During our Cyber Pandemic, companies recognizing and properly addressing the potential damage caused by threat actors will not only survive minor short-term hits to their bottom line caused by paying outside resources, they will likely be the ones coming on top after both Pandemics subside. There is definitely a light at the end of the tunnel for those willing to take the ride – just continue using trusted vehicles to get you there.
When implementing COVID-19 business continuity plans, companies should take into consideration security threats from cybercriminals looking to exploit fear, uncertainty and doubt – better known as FUD. Fear can drive a thirst for the latest information and may lead employees to seek online information in a careless fashion – leaving best practices by the wayside.
According to Reinsurance News, there has already been “a surge of coronavirus-related cyber attacks”. Many phishing attacks “have either claimed to have an attached list of people with the virus or have even asked the victim to make a bitcoin payment for it.” Not all employees are accustomed to the risks from a corporate-wide work from home (WFH) policy given the previous lack of intersection between work and personal computers.
One cyber security firm released information outlining these WFH risks. And, another security provider offers a common-sense refresher: “If you get an email that looks like it is from the WHO (World Health Organization) and you don’t normally get emails from the WHO, you should be cautious.” In addition to recommendations made by security consultants, there are privacy-forward recommendations that will necessarily mitigate against phishing exploits. For example, WFH employees should be steered towards privacy browsers such as Brave and Firefox to avoid fingerprinting and search engines such as Duckduckgo for private searches. A comprehensive listing of privacy-forward online tools is found at PrivacyTools.IO.
Criminals have already exploited the current FUD by creating very convincing COVID-19-related links. As reported by Brian Krebs, several Russian language cybercrime forums now sell a “digital Coronavirus infection kit” that uses the Hopkins interactive map of real-time infections as part of a Java-based malware deployment scheme. The kit only costs $200 if the buyer has a Java code signing certificate and $700 if the buyer uses the seller’s certificate.
At a very basic level, WFH employees should be reminded not to click on sources of information other than clean URLs such as CDC.Gov or open unsolicited attachments even if they appear coming from a known associate. Now that banks, hotels, and health providers are sending emails alerting their clients of newly-implemented COVID-19 procedures, it is especially easy to succumb to spear phishing exploits – which is the hallmark of state-sponsored groups. As recently reported, government-backed hacking groups from China, North Korea, and Russia have begun using COVID-19-based phishing lures to infect victims with malware and gain infrastructure access. These recent attacks primarily targeted users in countries outside the US but there should be little doubt more groups will focus on the US in the coming weeks. Until ramped up testing demonstrates that the COVID-19 risk has passed, companies are well advised to focus some of their security diligence on these targeted attacks.

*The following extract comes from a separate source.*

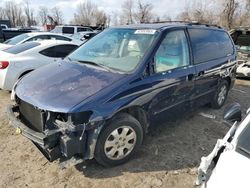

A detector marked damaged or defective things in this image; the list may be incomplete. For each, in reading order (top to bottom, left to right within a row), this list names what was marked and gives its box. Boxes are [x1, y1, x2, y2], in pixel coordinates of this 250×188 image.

The CDC reports in its latest published statistics there were 802,583 reported cases of COVID-19 and 44,575 associated deaths. Without a doubt, this pandemic is certainly much worse that the Swine Flu pandemic as previously reported by the CDC. Moreover, the current “panic pandemic” certainly shows no indications of subsiding.
On April 30, 2020, it was reported Tonya Ugoretz, deputy Assistant Director of the FBI Cyber Division, stated the FBI’s Internet Crime Complaint Center (IC3) is currently receiving between 3,000 and 4,000 cybersecurity complaints daily – IC3 normally averages 1,000 daily complaints.
UPDATE: May 6, 2020
On May 5, 2020, a joint alert from the United States Department of Homeland Security Cybersecurity and Infrastructure Security Agency and the United Kingdom’s National Cyber Security Centre warned of APTs targeting healthcare and essential services.
The alert warned of “ongoing activity by APT groups against organizations involved in both national and international COVID-19 responses.” This May 5, 2020 alert follows an April 8, 2020 Alert that warned in broader terms of malicious cyber actors exploiting COVID-19.
APTs are conducted by nation-state actors given the level of resources and money needed to launch such an attack. Moreover, they generally take between eight and nine months to plan and coordinate before launching. It is particularly disheartening that these recent attacks include those launched by state-backed Chinese hackers known as APT 41. As one cybersecurity firm points out in a recently-released white paper: “APT41’s involvement is impossible to deny.”
Distilled to its essence, the uncovered APT41 attacks mean that before COVID-19 was even on US shores, Chinese state-actors were planning attacks targeting the healthcare and pharmaceutical sectors. One can only hope the cyberattacks were not coordinated alongside the spread of the virus – a virus that only became public months after a coordinated attack would have been first planned.
Despite the recent public trend of paying these extortion demands, the FBI has long advocated not paying a ransom in response to a ransomware attack. Specifically, the FBI has said: “Paying a ransom doesn’t guarantee an organization that it will get its data back—we’ve seen cases where organizations never got a decryption key after having paid the ransom. Paying a ransom not only emboldens current cyber criminals to target more organizations, it also offers an incentive for other criminals to get involved in this type of illegal activity. And finally, by paying a ransom, an organization might inadvertently be funding other illicit activity associated with criminals.”
In fact, some have argued that by having insurance for this exposure the industry itself is actually at the root of increased ransomware activity. Those in the security industry correctly point out that what drives these actors turns more on quick conversion rates rather than whether an insurer stands behind a victim. To suggest the insurance industry is the cause of this problem gives threat actors way too much credit while completely ignoring the benefits derived from the cyber insurance underwriting process.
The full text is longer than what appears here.